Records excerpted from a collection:
----------------------------------------
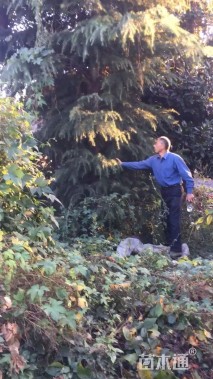 高度1200厘米雪松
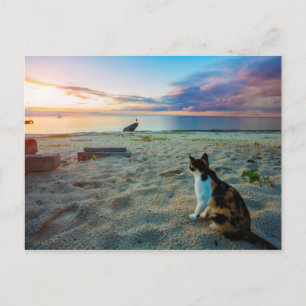 Carte Postale Chat Assis Sur Une Plage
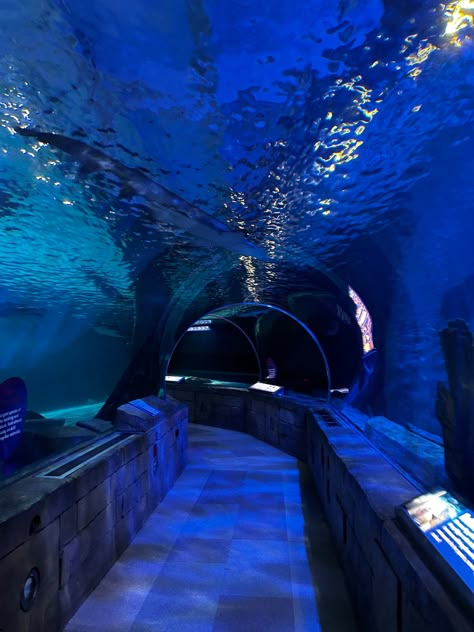 Sea Life Aquarium Tunnel ⭐️ Sea Life London Aquarium, Aesthetic Aquarium Photos, Huge Aquarium, Aquarium Tunnel, Sea Life London, London Aquarium, Sea Life Aquarium, Aquarium Aesthetic, Underwater Room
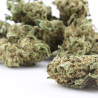 Sour Diesel CBD – Prix réduit, commande en ligne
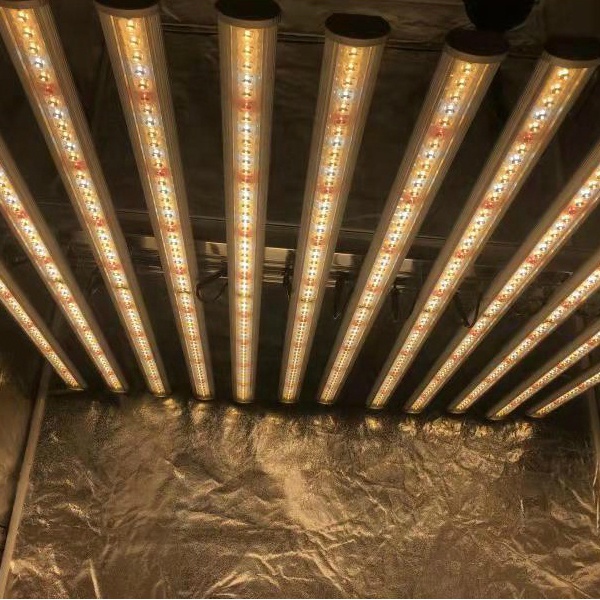 LUX Usine chinoise d'éclairage - Grow Light Led avis et prix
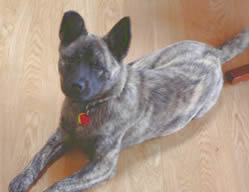 smudge3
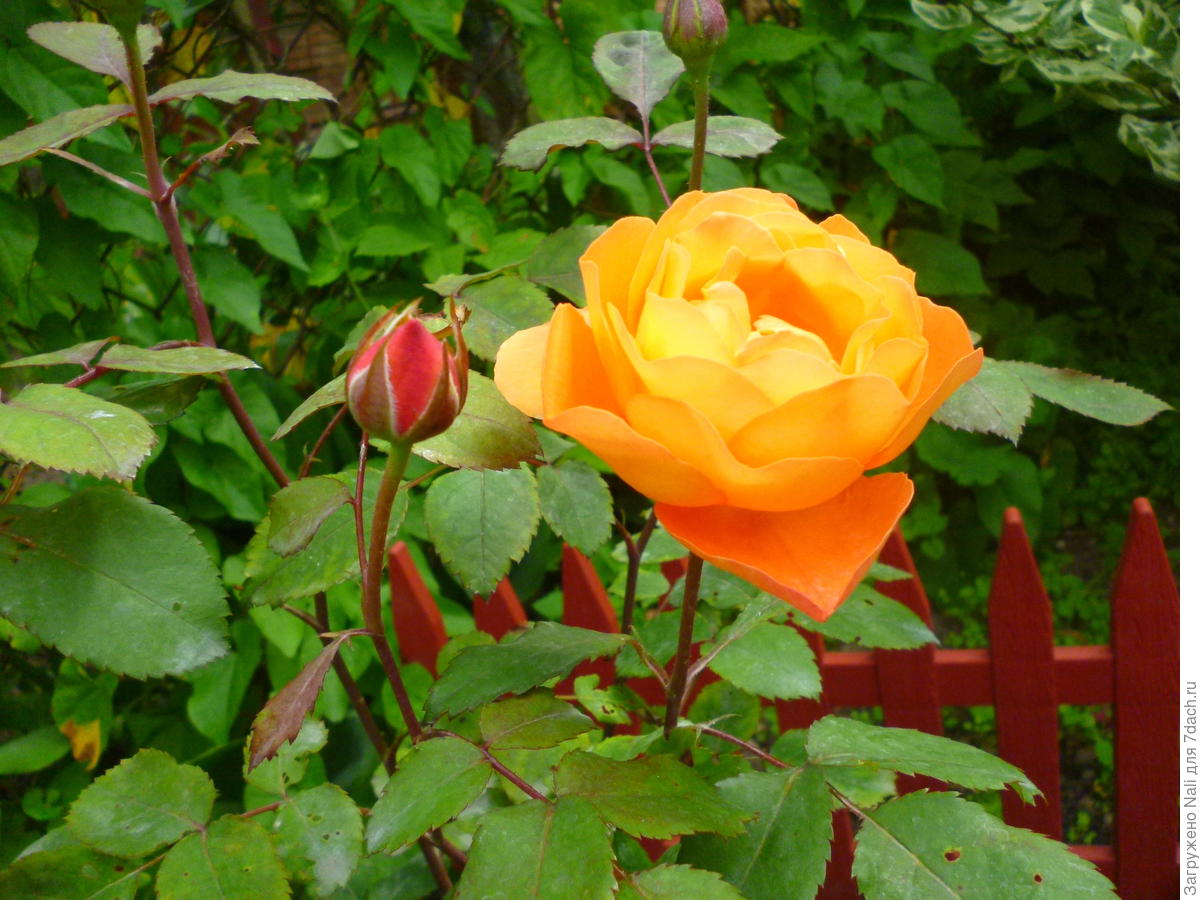 Голден леди роза фото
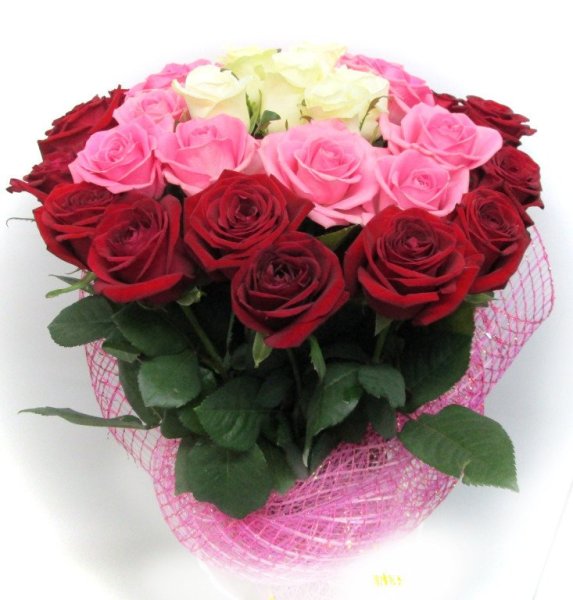 Поздравления с днём рождения Альбине открытки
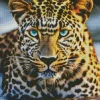 Blue Eyed Leopard In Water Diamond Painting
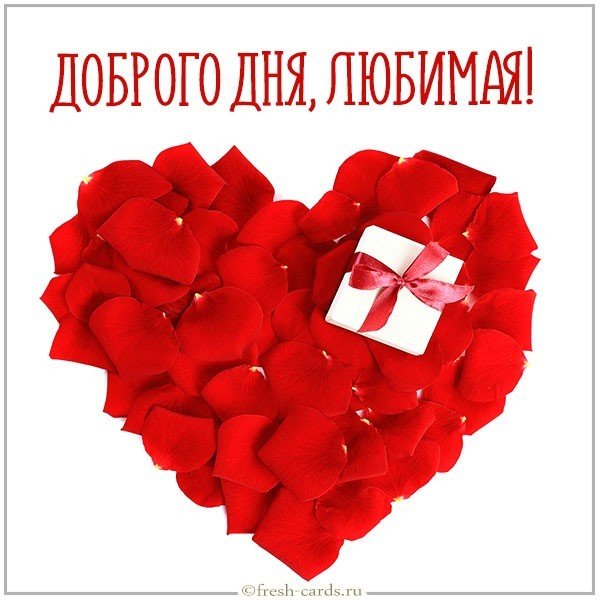 Картинка доброго дня любимая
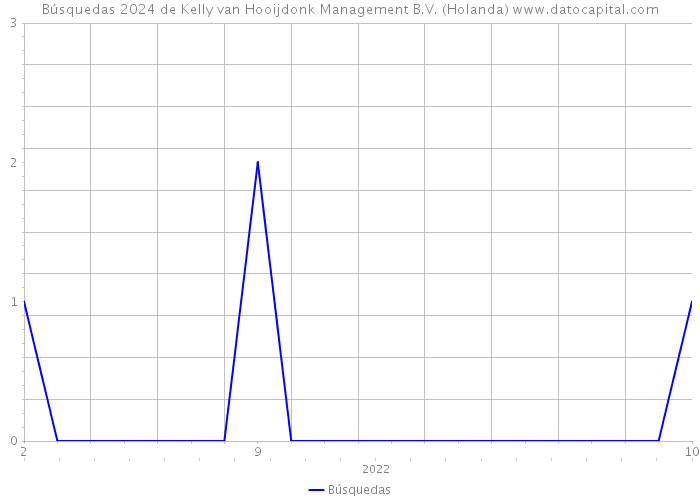 Búsquedas 2024 de Kelly van Hooijdonk Management B.V. (Holanda) 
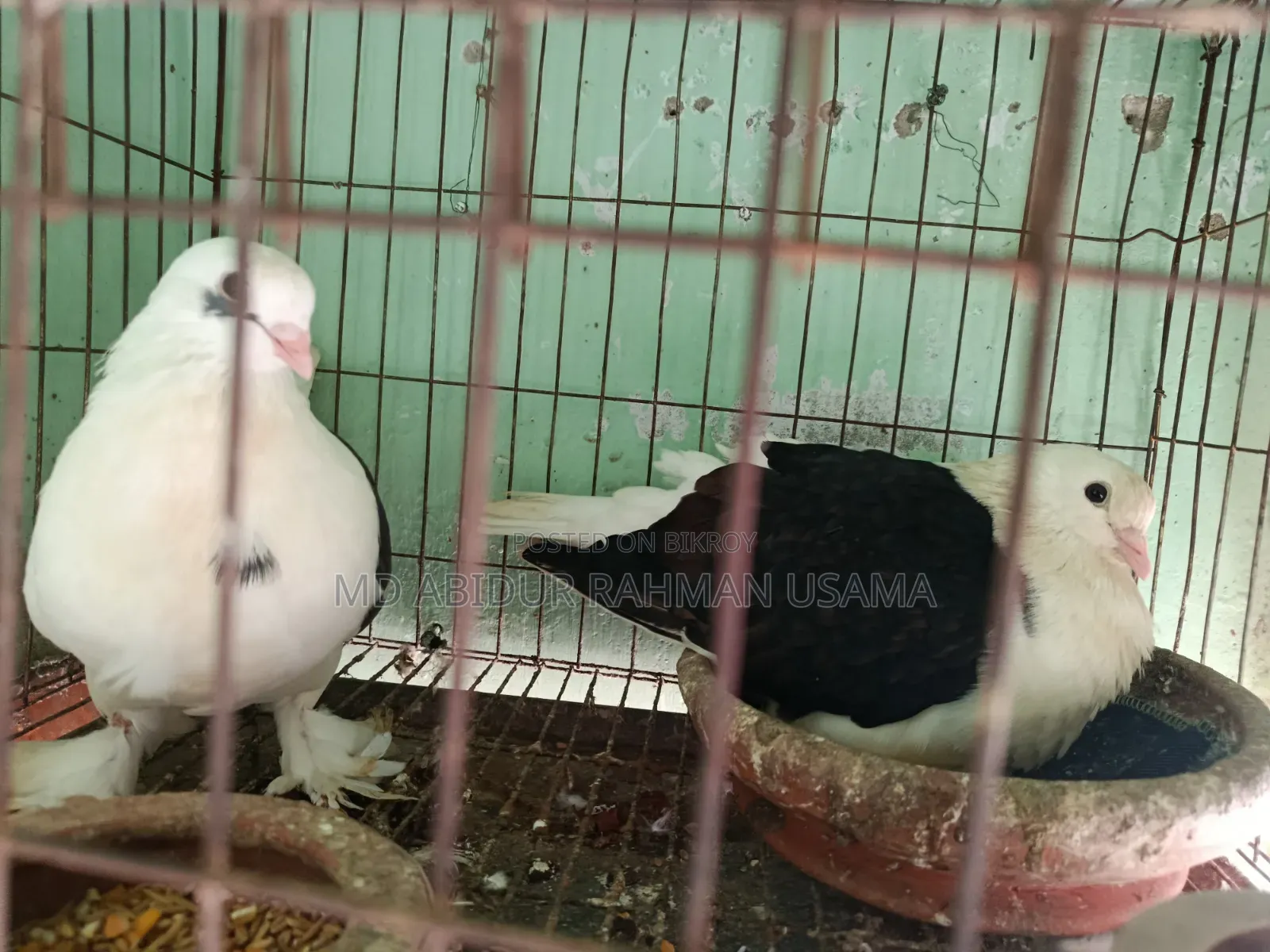 Show-quality Shirazi pigeon pair for sale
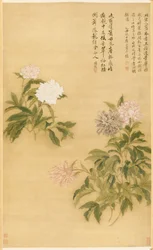Pfingstrosen, 1685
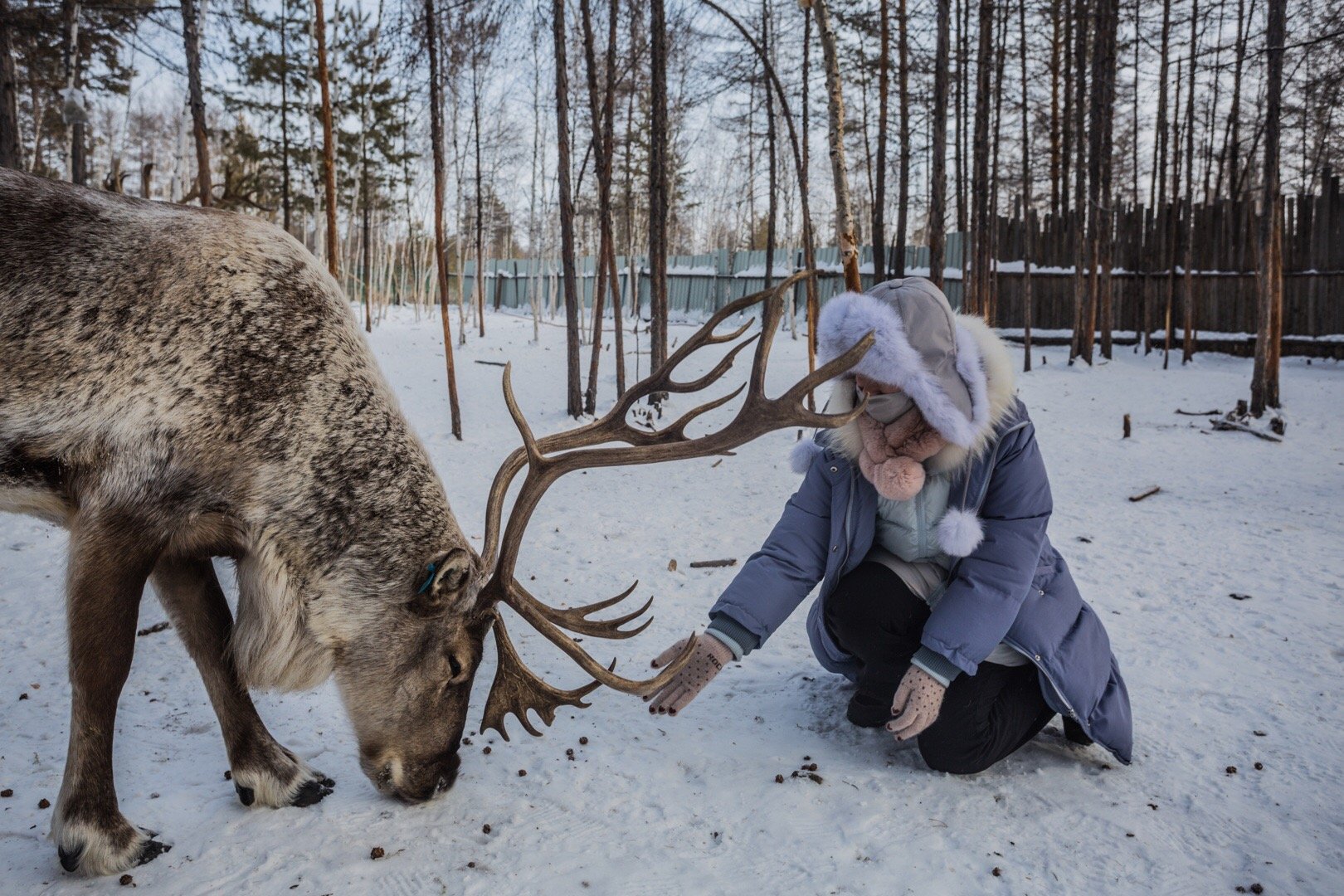 鄂温克族驯鹿04森林里的灵物
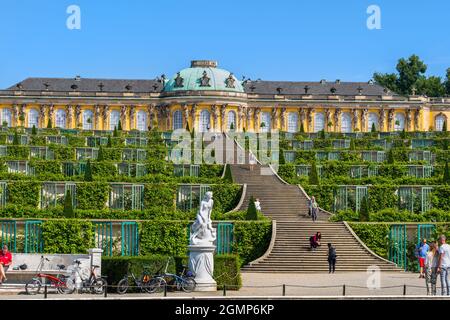 Potsdam, Deutschland - 6. August 2021: Schloss Sanssouci und Gärten im Park Sanssouci, Friedrich der große, Sommerresidenz des preußischen Königs aus dem 18. Jahrhundert, Stockfoto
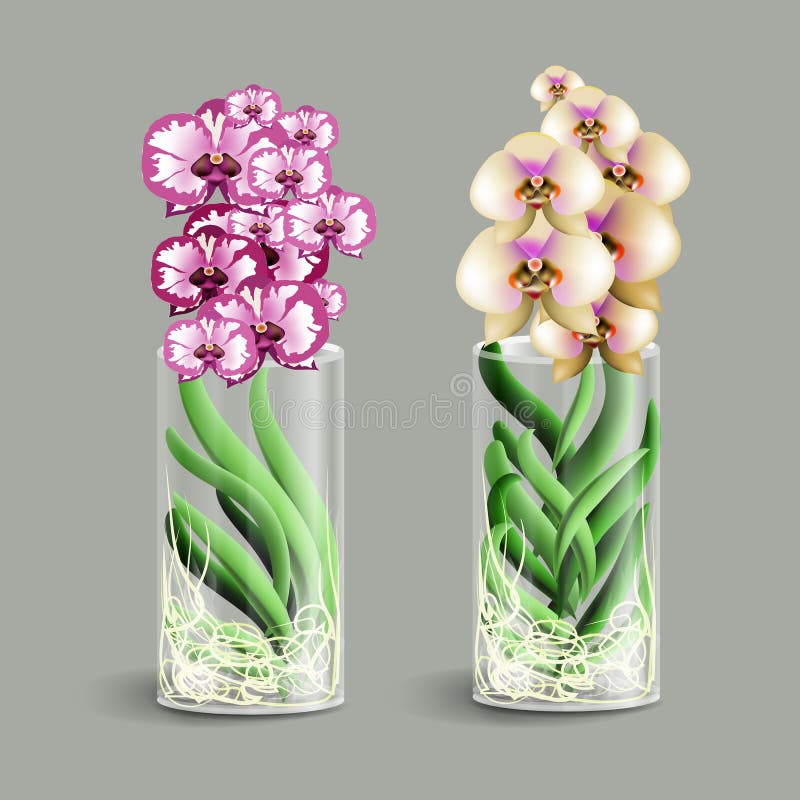 Orchidée De Vanda Dans Un Vase En Verre Fleur Tropicale D'Epiphyte Élément  Du Décor à La Maison Le Symbole De La Croissance Et De Illustration de  Vecteur - Illustration du retrait, violette:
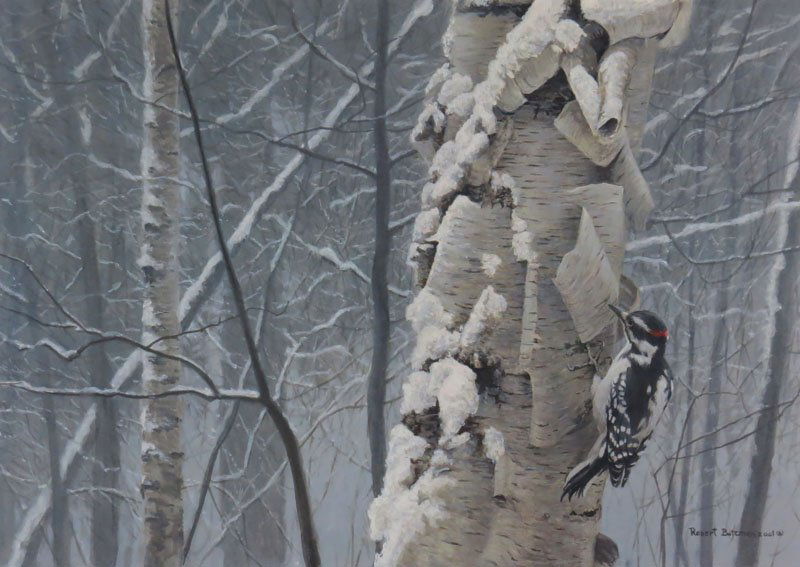 Robert McLellan Bateman Canadian (born1930- ) Limited: Robert McLellan Bateman Canadian (born1930- ) Limited Edition Print "Hairy Woodpecker on Birch" Pencil Signed Lower Right and Limited Edition 2424/5400 Lower Left. Cert and Extensive Information en Ve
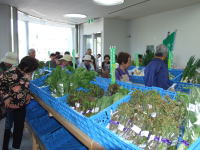 あぐりっち矢田店内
----------------------------------------
● **TASK**: Write back the stretch of lines above that begins with the line holding "Pfingstrosen, 1685" and ends with the line holding "Orchidée De Vanda", both included, exactly as written. Pictures stay out.

● **ANSWER TO THIS PROBLEM**:
Pfingstrosen, 1685
 鄂温克族驯鹿04森林里的灵物
 Potsdam, Deutschland - 6. August 2021: Schloss Sanssouci und Gärten im Park Sanssouci, Friedrich der große, Sommerresidenz des preußischen Königs aus dem 18. Jahrhundert, Stockfoto
 Orchidée De Vanda Dans Un Vase En Verre Fleur Tropicale D'Epiphyte Élément  Du Décor à La Maison Le Symbole De La Croissance Et De Illustration de  Vecteur - Illustration du retrait, violette:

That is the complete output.